• **Record extracts**:

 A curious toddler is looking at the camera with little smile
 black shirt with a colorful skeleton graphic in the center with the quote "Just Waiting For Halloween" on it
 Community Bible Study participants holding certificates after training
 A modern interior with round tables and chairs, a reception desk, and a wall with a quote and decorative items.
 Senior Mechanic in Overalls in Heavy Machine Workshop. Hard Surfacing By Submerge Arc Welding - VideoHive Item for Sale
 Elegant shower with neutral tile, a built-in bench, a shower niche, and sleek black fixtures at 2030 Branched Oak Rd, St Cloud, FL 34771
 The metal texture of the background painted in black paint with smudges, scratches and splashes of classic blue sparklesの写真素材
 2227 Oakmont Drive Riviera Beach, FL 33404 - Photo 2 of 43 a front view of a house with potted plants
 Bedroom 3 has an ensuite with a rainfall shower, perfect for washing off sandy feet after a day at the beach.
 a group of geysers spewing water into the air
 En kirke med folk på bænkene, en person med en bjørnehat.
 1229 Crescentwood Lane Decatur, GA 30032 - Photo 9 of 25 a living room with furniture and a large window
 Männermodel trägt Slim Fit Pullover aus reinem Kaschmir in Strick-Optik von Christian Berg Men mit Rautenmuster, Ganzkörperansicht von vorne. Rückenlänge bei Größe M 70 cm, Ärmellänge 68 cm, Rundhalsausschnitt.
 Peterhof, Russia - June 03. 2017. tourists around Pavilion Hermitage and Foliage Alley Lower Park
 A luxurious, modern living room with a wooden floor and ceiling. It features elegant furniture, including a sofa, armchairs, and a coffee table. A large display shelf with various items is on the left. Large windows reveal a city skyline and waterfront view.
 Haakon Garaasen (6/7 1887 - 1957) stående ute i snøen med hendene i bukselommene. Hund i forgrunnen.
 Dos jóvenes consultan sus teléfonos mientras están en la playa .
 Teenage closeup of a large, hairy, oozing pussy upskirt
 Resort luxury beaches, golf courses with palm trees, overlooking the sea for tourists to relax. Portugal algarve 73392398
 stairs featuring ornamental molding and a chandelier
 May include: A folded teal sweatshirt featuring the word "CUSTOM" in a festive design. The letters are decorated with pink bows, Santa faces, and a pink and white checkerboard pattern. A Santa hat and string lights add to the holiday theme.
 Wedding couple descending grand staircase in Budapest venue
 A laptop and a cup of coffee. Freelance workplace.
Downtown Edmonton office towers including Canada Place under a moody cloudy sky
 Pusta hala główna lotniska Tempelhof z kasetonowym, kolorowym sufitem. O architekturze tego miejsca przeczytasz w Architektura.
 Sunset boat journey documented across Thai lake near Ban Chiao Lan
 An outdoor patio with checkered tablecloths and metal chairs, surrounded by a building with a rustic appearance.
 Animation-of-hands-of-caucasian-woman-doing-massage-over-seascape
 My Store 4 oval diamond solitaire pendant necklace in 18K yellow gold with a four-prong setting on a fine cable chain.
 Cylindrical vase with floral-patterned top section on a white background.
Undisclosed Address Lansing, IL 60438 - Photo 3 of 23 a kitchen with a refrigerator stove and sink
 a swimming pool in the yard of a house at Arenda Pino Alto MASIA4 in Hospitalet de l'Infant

• **Try it**:
Nothing but the lines from the line containing "Undisclosed Address Lansing, IL" through the final line of the entries should appear in your answer, copied exactly.

• **Your solution**:
Undisclosed Address Lansing, IL 60438 - Photo 3 of 23 a kitchen with a refrigerator stove and sink
 a swimming pool in the yard of a house at Arenda Pino Alto MASIA4 in Hospitalet de l'Infant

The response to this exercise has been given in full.